Peatlands conservation charity calls for end to sale of peat moss in shops and garden centres

The Irish Peatland Conservation Council says that the horticultural industry must transition away from peat where alternatives are available.

A PEATLAND CONSERVATION charity is calling on the government to end retail sales of peat moss for compost this year.

The Irish Peatland Conservation Council is asking for a stop to be put to the sales by the end of 2024, saying that the horticultural industry must transition away from peat where alternatives are available.

“While the Irish Peatland Conservation Council understand that there needs to be a responsible transition away from peat extraction for horticulture, for food security and the economy, we also understand the retail sector is an area where peat is not needed and which the extraction of peat directly affects Ireland’s biodiversity – helping to push it into decline by removing natural habitats to grow mostly non-native plants in our gardens,” the Council has said in a statement.

“Using peat in the garden also fuels climate change, as the destruction of the peatland releases carbon into our waterways and air.”

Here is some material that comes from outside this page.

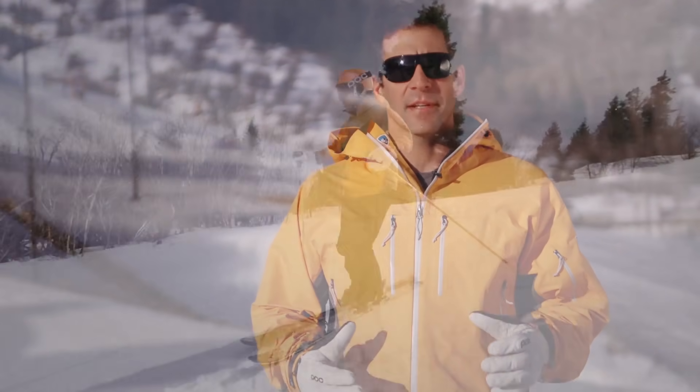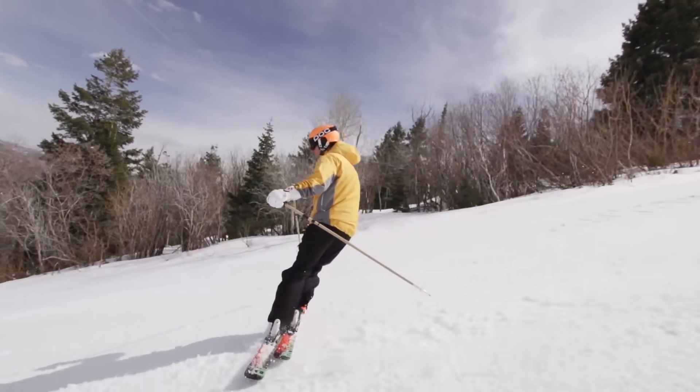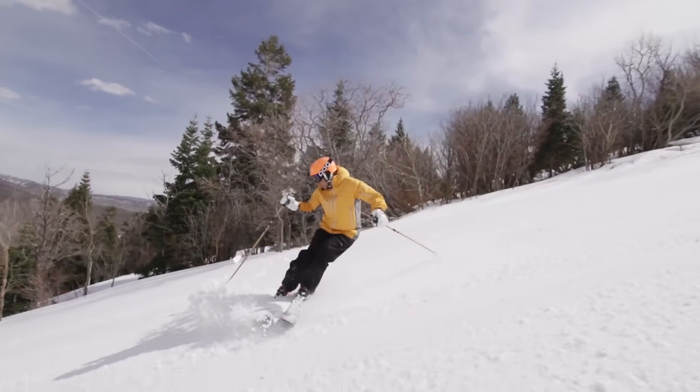Pivot slips will definitely wake your feet up in the morning. This drill is great because you're always moving — you have to be dynamic, you have to have a great feel, and you have to be smooth. Sounds familiar, because that's exactly the way you're going to have to ski World Cup. There are so many variables and challenges in a ski race, and this skill will give you the control you need to handle anything that comes your way.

A working group of horticulturalists, mushroom growers, and environmental groups along with Bord na Móna, Teagasc and the Department of Housing met a dozen times over the course of 2021 to discuss issues including the availability of peat alternatives and how a ban on peat use may impose losses to jobs and the economy.

A report produced by the group included a recommendation that peat usage in the retail sector should be eliminated by 2025 where sustainable alternatives are available.

However, the Irish Peatland Conservation Council says it has not seen any indication from the government that it will move to stop the sale of peat moss compost from shops and garden centres even though peat-free compost is available, nor have retailers or the government prepared customers and gardeners for the change.

The Council has said a national education programme to “relearn the skills in gardening” that were “lost through the over-use of peat”. 

“At a time when other countries have committed to banning the use of peat to the private gardener by 2024 because of the environmental implications should Ireland not also respect our own peatlands and become stewards of the wet and wild peatlands of Ireland through ending the sale of peat moss compost in the retail sector this year?”